YuanGongND / cav-mae

Code and Pretrained Models for ICLR 2023 Paper "Contrastive Audio-Visual Masked Autoencoder".
BSD 2-Clause "Simplified" License
223 stars 22 forks source link

Question about some irregular videos in AudioSet-20k #9

Closed mouxingyang closed 1 year ago

mouxingyang commented 1 year ago

Hi,

I tried to follow the finetuning protocol on AudioSet-20k, and I have downloaded ~18k training samples. However, I found that some videos are irregular according to the official '.csv' file, i.e., either less than 10s or the start-end time exceed the total length. Could you please tell me about how to preprocess these irregular videos?

Some examples are attached below, Tr7pmnO3eHo, 100.000, 110.000, "/m/03cl9h,/m/04rlf,/m/09x0r,/m/0ytgt" (The length of the video is only 2s in the Web) d7vfbyFl5kc, 0.000, 3.000, "/m/0c1dj,/t/dd00121" (The specified time bucket is less than 10s)

Thank you

YuanGongND commented 1 year ago

This should be a question to AudioSet authors.

either less than 10s

There are some audios shorter than 10s, see official: http://research.google.com/audioset/download.html.

or the start-end time exceed the total length.

This seems to be weird, but again you can check http://research.google.com/audioset/download.html to see if your meta data is consistent with the official.

If these are only few "irregular" samples, that shouldn't impact the performance a lot.

-Yuan

YuanGongND commented 1 year ago

Btw, there's an easy way to check Youtube video, the video id of AudioSet is the actual YouTube video id.

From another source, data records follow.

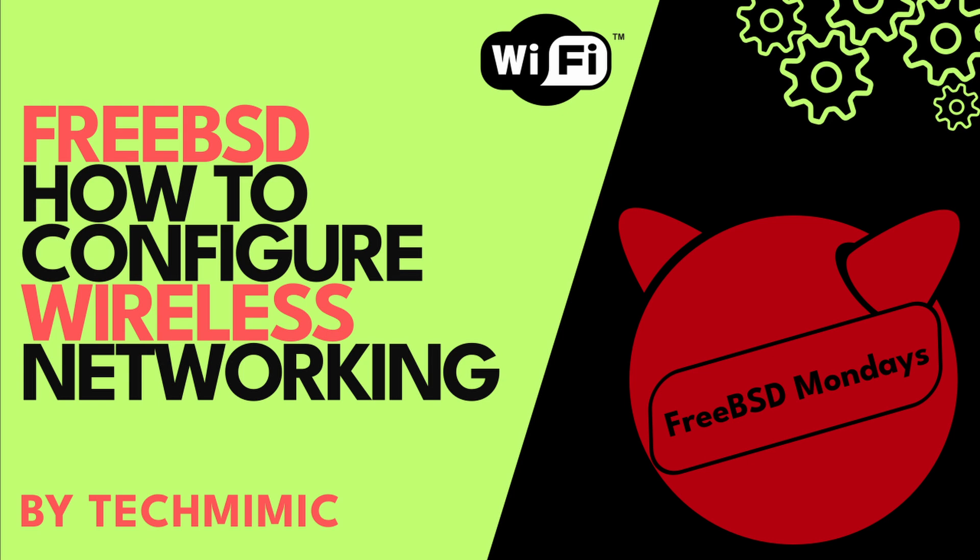Welcome back to Tech Mimic, where you can simply view, imitate, replicate and get on with your day. If there is a specific issue for which you would like to see a video, please leave a comment.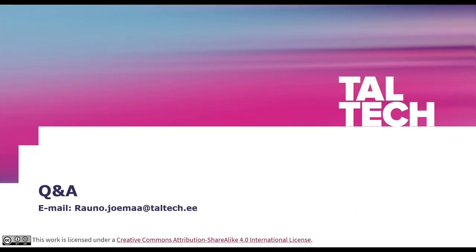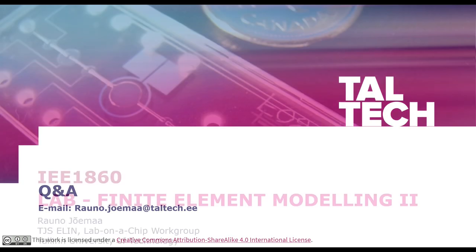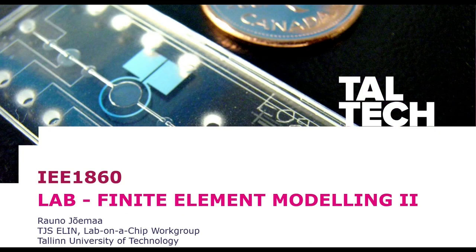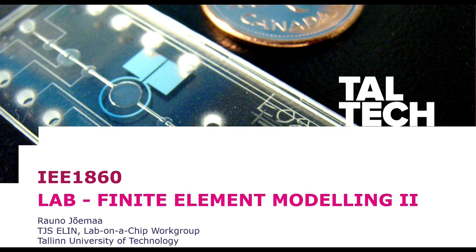For more questions, you are welcome to contact me through email. This is it for the second lab of finite element modeling.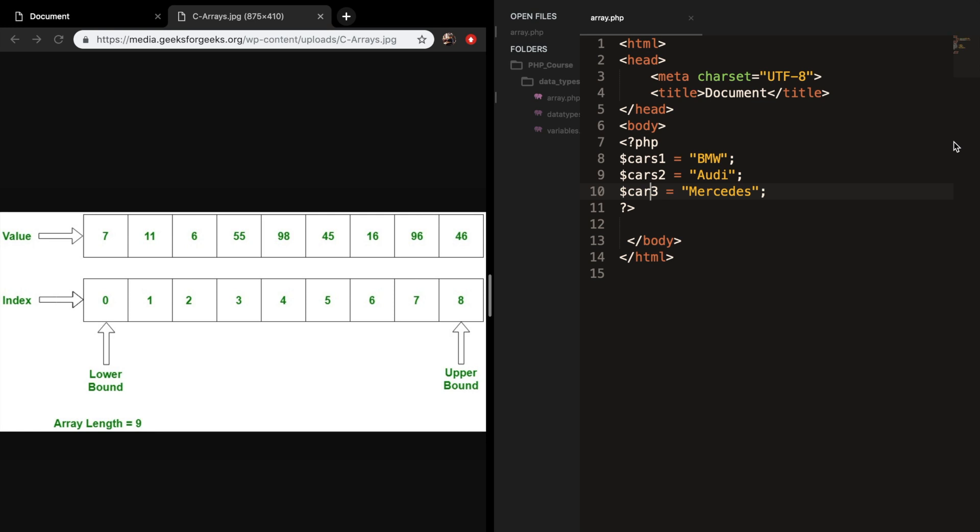To show you how an array actually works, let's look at this picture. Right now you can see one gigantic box with small boxes inside of it. All the small boxes have values - 7, 11, 6, 55, 98. All these boxes are assigned to a key which is also called an index. An index always starts with 0 and goes up until the amount of values that you have stored inside your array.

So you can randomly open a youtube video and replace the video id in the link with your (AudioSet) video id, so you can see the actual video length.

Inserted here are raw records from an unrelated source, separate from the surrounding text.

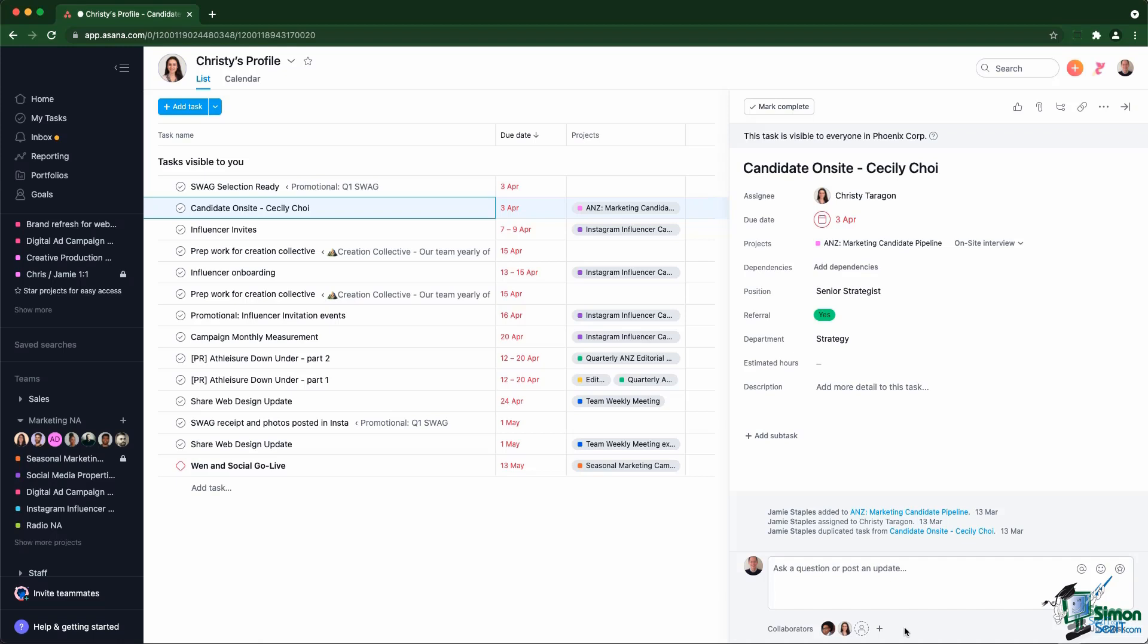However, be really careful where you add guests, whether it's at the team or project level, because they will gain access to whatever is inside that entity. If you add a guest at the team level, they get access to everything, including future projects your colleagues might create.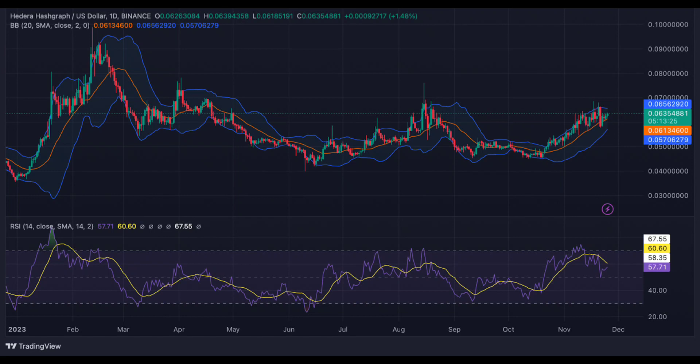However, the 24-hour volume has increased to $217,000, showing high trading activity in the last 24 hours. HBAR's price is trading at $0.063, increasing by nearly 1.53% in the last 24 hours. The Relative Strength Index (RSI) 14 trend line has reversed from its previous level and currently hovers around the 57 level, showing that the bulls are taking over. The SMA 14 level suggests volatility in the next few hours.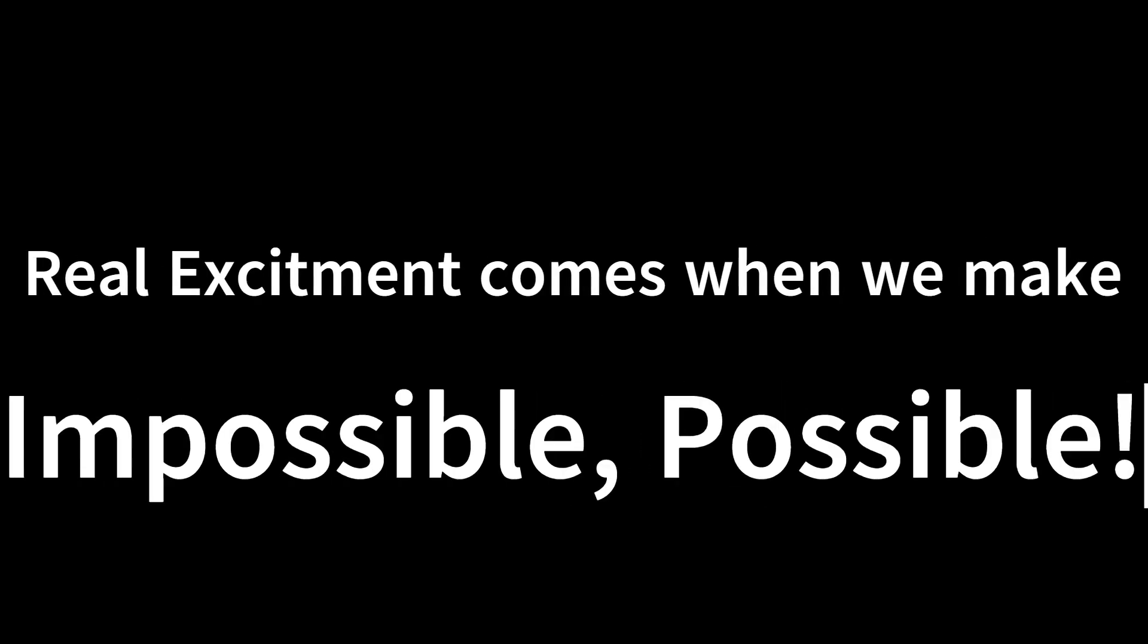But the dream clearly knows. Still, this is all a beginning towards its impossible dream of making the lives of people better. Real excitement comes when we make the impossible possible.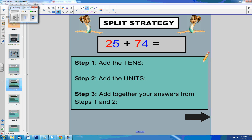Let's use the split strategy to solve this addition problem, 25 plus 74.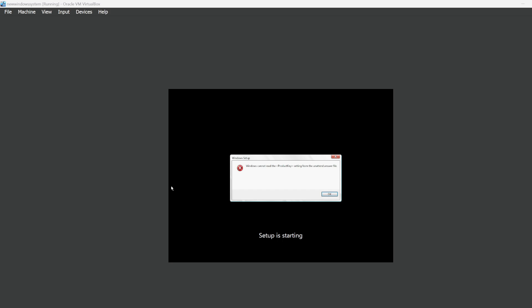Hello everyone, in this video we're going to look at fixing this annoying error when trying to install Windows as a virtual machine in VirtualBox using the ISO file downloaded from the Microsoft website. It comes up saying Windows cannot read the product key setting from the unattended answer file. I'm going to show you steps on how to fix this error.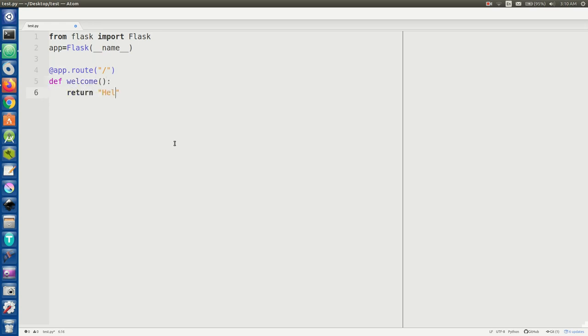This is part of why Flask is such a popular micro framework, it's so quick and easy to use just to create very simple servers. Right off the bat we're going to create a basic root route that you use with the GET command and we're just going to have it say 'hello there welcome to my server'.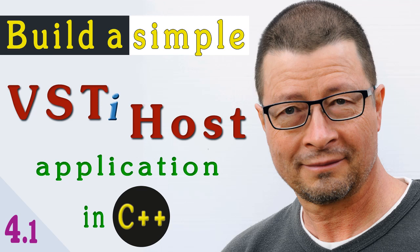Hello and welcome back. Last time I said our next task will be to play the sound generated by the plugin in real time, through the speakers.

mouxingyang commented 1 year ago

Thanks for your quick reply.

Yeah, I do download the 'balanced_train_segments.csv' from the official. The so-called "irregular" samples are few but I wondered if there are some skills to preprocess them.

Thanks again for your reply and suggestions.

mouxingyang commented 1 year ago

Btw, there's an easy way to check Youtube video, the video id of AudioSet is the actual YouTube video id.

So you can randomly open a youtube video and replace the video id in the link with your (AudioSet) video id, so you can see the actual video length.

Thanks for your suggestions. But this means that I should re-calibrate the video's start-end time to meet the labels in the .csv file. I will try to omit these samples first, hope not hurt the performance too much.

Many thanks :)

YuanGongND commented 1 year ago

But this means that I should re-calibrate the video's start-end time to meet the labels in the .csv file.

Oh - do you misunderstand the meaning of the time stamp?

The timestamps are for the "full" youtube videos, not segmented ones, if you download the segments from somewhere, you should not use the timestamps. These are only for "full" Youtube videos.

More specifically, I checked https://www.youtube.com/watch?v=Tr7pmnO3eHo (the sample you give), it is actually 1:50 (110s), so 100-110s is valid.

-Yuan

mouxingyang commented 1 year ago

I am sorry for the wrong copy.

The videos are indeed crawled from Youtube. After download, I have cropped them according to the timestapes in official file (http://storage.googleapis.com/us_audioset/youtube_corpus/v1/csv/balanced_train_segments.csv).

The correct 'irregular' sample is (https://www.youtube.com/watch?v=d8WgfWSf1VM) whose length is 4:27 (267s) while the segment information is 'd8WgfWSf1VM, 280.000, 290.000, "/m/0dwt5"'.

Thanks for your kind reply

Best regards